You get current with all your bills, or call the companies and make payment arrangements and respect those payment arrangements.
You commit to no more using your credit cards recklessly. You can even cancel most of them and only keep 1 or 2.
Unless you can’t really control your credit card spending, we don’t believe it’s a good idea to cancel all your credit cards, because you still need them to build a good credit.
You commit to buying cars cash going forward, no more car loans.
You commit to living below your means going forward. You can do this by cutting down your expenses, finding ways to increase your income or both.
Baby Step 1: $1,000 cash in a beginner emergency fund
BS1 is a step where you save $1,000 in a beginner emergency fund. Yes, you read that right. Only a $1000 in an emergency fund!
This is supposed to make you uncomfortable and motivated to go through BS2 as fast as you can so you can eventually start working on BS3 where you will get to finally fully set up an emergency fund of 3-6 months of expenses.

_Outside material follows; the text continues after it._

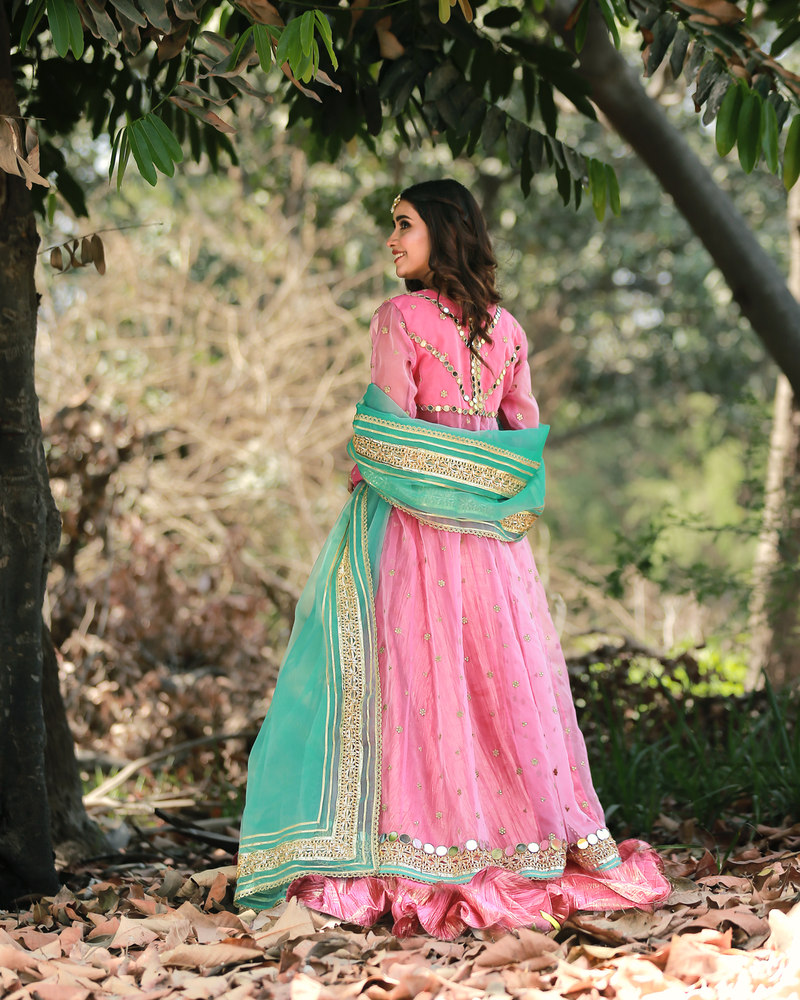Zar | Formals Wear | Pink/Turquoise by Zar - Designer Dress - Type: Ladies Clothes - Available at Libayah - 100% Original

Baby Step 2: Use the debt snowball to pay off all your debt but the house
BS2 is a step where you start paying off all your debt except for the mortgage. You pay off your credit cards, your car loans, student debt, loans from family members, …
During this stage, Dave recommends being gazelle intense. Have you ever seen a gazelle (you) run away from a cheetah (debt) like its life depends on it? You have to do the same. You have to run away from debt like your life depends on it.
Dave also recommends starting with the small balances and working your way towards the bigger balances in order to stay motivated.
Other people recommend starting with the debt with the highest interest rates and working your way towards the ones with the lowest interest rates.
We say just do whatever keeps you motivated and on track. You can even do a combination of the two. That’s what I did when I was paying off my $40,000 student before graduating.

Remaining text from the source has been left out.